" El Sicario, Room 164 (2010), a pas mal fait parler de lui à travers son parcours en festival. Il s’agit du témoignage d’un haut gradé du trafic de drogue à Ciudad Juárez, au Mexique. Pendant vingt ans, il a servi le cartel, pratiquant assassinats ciblés, enlèvements, tortures jusqu’à saturation. Constamment sur ses gardes, gavé d’alcool et de cocaïne, il décide de devenir clean. Commence alors pour lui une descente aux enfers. Ses collègues se moquent de lui, il est rétrogradé, le boss ne lui confie plus que des tâches humiliantes de ramassages de petites dettes dans des bourgades lointaines… Le type décide alors de prendre la fuite avec femme et enfants, déclenchant aussitôt un contrat contre lui et sa famille.
A l’image, il parle, le visage caché sous un voile noir, un cahier posé sur les genoux, dessinant des croquis ou écrivant des phrases au fil de son récit émaillé de scènes horrifiques.

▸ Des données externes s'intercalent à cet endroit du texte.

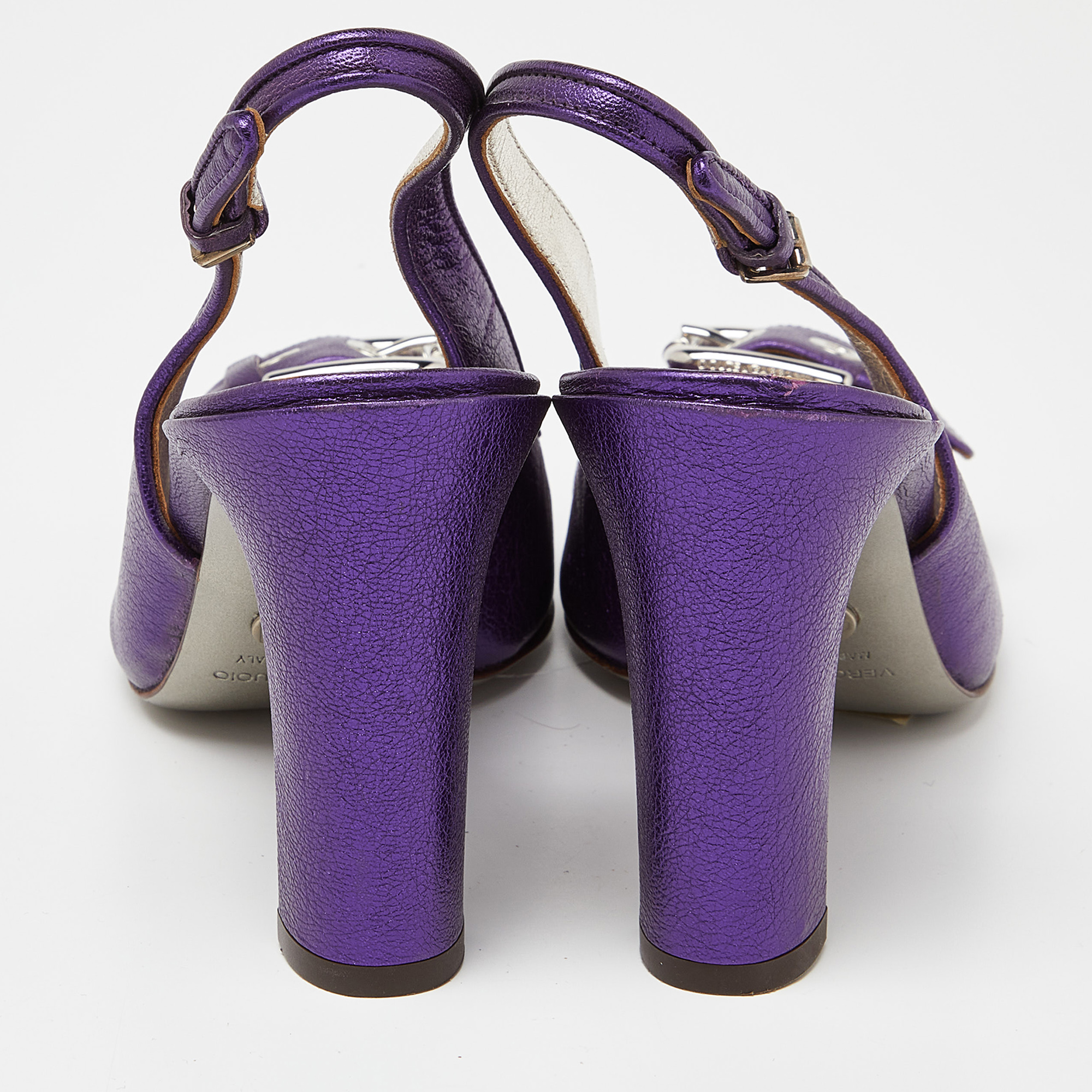 Dolce & Gabbana Metallic Purple Leather Buckle Detail Peep Toe Slingback Pumps Size 37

Il est notamment question du traitement réservé à des traîtres qui sont plongés vivants dans de l’eau bouillante, les parties brûlées étant découpées à vif par des médecins avant retour dans le bouillon. Le narcotrafiquant repenti, tombé en religion (la vida loca devient la mala vida, la belle vie contre la mauvaise), implique dans ses propos un Etat mexicain intégralement corrompu et une police gangrenée par les cartels : sur 200 diplômés dans une promotion, 50 sont des élèves financés, choyés dès le lycée par la mafia.
«Cet homme, je l’aime bien d’une certaine manière, et c’est ce que je déteste le plus dans ce film», déclarait le cinéaste dans un entretien à un webzine. Le trouble suscité un peu partout par El Sicario, Room 164 tient à ce mouvement de répulsion-adhésion que provoque le caractère volubile puis franchement exalté de la crapule en fuite. On découvre chez lui le terrifiant désir de soumission à une autorité, d’abord aux ordres du «patron», puis du seigneur J.-C."